Problem requirements →
The required result is every line of the records that includes "onclick".

Supplied entries →
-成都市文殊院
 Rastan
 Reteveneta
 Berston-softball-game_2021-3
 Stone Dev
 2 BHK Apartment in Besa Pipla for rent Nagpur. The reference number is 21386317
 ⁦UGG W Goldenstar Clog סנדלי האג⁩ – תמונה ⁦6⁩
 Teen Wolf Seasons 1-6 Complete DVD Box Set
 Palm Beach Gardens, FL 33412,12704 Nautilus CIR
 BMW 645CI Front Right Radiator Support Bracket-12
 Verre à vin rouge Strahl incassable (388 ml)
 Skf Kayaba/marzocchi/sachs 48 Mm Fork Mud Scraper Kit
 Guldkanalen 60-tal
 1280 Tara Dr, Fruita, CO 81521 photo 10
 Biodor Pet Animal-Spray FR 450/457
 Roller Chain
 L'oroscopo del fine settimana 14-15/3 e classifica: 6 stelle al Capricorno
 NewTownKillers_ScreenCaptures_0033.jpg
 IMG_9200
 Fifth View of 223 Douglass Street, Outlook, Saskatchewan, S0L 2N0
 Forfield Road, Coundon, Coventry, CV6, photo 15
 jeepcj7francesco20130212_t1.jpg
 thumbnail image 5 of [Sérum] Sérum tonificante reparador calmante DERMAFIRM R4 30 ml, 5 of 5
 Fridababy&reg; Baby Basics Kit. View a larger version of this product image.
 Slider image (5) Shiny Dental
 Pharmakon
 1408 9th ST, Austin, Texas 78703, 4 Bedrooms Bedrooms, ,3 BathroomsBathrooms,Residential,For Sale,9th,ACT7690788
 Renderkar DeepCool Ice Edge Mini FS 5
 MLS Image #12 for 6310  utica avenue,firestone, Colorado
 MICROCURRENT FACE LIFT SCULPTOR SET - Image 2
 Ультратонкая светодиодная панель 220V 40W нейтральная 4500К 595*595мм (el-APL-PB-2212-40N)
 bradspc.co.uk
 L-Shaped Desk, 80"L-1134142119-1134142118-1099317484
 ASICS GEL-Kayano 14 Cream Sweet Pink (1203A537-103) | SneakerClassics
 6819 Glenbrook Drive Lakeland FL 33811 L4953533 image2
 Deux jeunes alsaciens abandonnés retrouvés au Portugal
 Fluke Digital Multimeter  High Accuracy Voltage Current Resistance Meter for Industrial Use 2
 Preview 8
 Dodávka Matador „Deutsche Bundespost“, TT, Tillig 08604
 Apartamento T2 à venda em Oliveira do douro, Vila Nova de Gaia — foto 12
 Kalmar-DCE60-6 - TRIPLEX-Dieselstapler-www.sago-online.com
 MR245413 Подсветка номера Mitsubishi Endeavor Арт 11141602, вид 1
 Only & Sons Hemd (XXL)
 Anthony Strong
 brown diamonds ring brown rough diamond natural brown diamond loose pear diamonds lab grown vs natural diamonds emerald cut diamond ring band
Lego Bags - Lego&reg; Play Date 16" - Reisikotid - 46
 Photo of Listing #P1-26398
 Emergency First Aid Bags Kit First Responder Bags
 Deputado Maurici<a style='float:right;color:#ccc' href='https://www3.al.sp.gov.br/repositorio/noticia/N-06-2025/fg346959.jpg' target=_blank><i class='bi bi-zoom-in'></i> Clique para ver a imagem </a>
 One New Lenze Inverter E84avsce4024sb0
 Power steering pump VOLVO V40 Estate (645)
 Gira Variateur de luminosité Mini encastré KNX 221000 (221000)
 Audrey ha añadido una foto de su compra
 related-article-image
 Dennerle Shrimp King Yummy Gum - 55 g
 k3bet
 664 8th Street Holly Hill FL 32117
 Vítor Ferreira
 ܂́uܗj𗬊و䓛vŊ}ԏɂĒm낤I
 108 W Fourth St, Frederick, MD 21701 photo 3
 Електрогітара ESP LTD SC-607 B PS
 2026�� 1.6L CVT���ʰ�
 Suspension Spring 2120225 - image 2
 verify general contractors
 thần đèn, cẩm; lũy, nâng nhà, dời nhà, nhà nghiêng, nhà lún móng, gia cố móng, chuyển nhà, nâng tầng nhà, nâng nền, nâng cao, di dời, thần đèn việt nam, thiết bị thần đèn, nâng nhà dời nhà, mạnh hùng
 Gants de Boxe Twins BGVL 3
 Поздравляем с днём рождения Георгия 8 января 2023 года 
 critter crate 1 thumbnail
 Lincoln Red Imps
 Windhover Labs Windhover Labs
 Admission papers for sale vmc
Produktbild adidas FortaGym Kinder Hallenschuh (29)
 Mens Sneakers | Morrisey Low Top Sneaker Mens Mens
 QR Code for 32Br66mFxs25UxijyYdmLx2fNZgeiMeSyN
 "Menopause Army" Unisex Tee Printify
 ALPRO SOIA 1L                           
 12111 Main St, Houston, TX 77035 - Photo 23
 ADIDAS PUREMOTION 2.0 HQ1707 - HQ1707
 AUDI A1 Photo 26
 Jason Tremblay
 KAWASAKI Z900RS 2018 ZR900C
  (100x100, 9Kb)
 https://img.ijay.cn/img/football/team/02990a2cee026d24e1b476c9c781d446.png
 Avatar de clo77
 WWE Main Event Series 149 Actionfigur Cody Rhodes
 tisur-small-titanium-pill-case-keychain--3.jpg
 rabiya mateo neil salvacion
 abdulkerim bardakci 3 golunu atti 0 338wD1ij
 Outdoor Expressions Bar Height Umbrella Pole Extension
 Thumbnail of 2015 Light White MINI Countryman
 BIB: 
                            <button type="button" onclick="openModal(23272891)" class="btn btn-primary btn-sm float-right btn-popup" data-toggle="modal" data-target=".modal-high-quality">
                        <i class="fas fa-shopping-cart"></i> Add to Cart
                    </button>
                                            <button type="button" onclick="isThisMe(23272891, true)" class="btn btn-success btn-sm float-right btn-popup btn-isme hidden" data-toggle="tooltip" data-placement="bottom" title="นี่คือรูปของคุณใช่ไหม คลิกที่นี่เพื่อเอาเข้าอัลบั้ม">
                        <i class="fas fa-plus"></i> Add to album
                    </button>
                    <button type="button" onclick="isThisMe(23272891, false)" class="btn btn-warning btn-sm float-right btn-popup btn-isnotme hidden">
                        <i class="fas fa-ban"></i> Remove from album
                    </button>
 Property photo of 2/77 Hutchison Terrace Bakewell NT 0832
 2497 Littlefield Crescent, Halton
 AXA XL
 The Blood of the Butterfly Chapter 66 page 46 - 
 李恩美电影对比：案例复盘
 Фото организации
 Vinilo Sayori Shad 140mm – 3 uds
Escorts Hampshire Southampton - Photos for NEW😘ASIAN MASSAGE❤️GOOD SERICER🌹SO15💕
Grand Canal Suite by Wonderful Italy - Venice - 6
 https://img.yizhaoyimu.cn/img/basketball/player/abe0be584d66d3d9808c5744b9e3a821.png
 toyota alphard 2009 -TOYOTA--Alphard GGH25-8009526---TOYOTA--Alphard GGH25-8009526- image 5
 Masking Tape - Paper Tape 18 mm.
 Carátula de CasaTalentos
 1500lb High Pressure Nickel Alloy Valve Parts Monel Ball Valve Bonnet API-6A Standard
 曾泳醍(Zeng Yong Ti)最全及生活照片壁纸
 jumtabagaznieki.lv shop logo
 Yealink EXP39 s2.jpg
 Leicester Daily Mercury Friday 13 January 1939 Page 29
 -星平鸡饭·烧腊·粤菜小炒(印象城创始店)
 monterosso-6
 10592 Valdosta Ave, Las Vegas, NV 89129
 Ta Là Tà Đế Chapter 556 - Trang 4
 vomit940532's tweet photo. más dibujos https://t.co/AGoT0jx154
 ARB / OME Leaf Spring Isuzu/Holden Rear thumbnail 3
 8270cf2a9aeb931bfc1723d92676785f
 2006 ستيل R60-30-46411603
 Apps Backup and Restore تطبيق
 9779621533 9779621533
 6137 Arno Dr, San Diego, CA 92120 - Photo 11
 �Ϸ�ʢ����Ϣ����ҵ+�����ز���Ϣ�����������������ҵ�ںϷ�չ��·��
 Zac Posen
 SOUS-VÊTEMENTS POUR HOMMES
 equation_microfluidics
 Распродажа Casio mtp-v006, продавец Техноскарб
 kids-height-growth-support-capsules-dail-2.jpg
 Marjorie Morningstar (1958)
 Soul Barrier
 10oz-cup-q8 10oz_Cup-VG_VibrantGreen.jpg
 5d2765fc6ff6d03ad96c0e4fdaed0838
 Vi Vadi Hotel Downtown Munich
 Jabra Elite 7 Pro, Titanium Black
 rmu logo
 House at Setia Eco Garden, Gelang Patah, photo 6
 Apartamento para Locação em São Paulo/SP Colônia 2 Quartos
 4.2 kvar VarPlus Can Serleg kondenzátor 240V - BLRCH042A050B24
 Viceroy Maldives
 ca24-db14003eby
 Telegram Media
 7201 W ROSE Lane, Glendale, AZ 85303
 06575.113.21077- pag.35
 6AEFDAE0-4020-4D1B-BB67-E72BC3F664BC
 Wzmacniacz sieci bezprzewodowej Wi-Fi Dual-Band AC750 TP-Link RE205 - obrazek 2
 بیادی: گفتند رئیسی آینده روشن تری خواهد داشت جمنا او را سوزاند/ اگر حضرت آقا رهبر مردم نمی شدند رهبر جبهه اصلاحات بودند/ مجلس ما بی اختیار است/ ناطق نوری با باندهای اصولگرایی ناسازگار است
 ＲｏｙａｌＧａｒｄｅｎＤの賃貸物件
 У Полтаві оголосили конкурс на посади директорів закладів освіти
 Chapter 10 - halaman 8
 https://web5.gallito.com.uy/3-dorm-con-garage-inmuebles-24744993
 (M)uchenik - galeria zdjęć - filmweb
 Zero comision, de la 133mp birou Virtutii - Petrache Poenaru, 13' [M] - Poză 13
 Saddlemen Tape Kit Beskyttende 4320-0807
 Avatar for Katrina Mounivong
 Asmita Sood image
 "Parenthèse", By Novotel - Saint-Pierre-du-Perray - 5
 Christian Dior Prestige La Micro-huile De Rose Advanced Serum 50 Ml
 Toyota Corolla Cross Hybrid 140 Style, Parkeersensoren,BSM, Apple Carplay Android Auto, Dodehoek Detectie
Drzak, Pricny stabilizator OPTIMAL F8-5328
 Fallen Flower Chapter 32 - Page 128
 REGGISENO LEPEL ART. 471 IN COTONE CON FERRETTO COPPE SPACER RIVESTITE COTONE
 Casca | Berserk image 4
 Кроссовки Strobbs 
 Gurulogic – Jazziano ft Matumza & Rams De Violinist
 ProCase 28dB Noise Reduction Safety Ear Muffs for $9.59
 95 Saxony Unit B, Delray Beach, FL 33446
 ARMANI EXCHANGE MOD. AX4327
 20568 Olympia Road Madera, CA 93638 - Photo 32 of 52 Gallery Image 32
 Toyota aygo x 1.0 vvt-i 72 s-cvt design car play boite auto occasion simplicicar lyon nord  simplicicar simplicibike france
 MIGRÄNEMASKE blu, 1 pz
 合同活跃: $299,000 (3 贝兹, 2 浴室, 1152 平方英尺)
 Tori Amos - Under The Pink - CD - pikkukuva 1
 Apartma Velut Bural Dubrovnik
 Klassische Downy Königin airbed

Solution to this exercise →
                            <button type="button" onclick="openModal(23272891)" class="btn btn-primary btn-sm float-right btn-popup" data-toggle="modal" data-target=".modal-high-quality">
                                            <button type="button" onclick="isThisMe(23272891, true)" class="btn btn-success btn-sm float-right btn-popup btn-isme hidden" data-toggle="tooltip" data-placement="bottom" title="นี่คือรูปของคุณใช่ไหม คลิกที่นี่เพื่อเอาเข้าอัลบั้ม">
                    <button type="button" onclick="isThisMe(23272891, false)" class="btn btn-warning btn-sm float-right btn-popup btn-isnotme hidden">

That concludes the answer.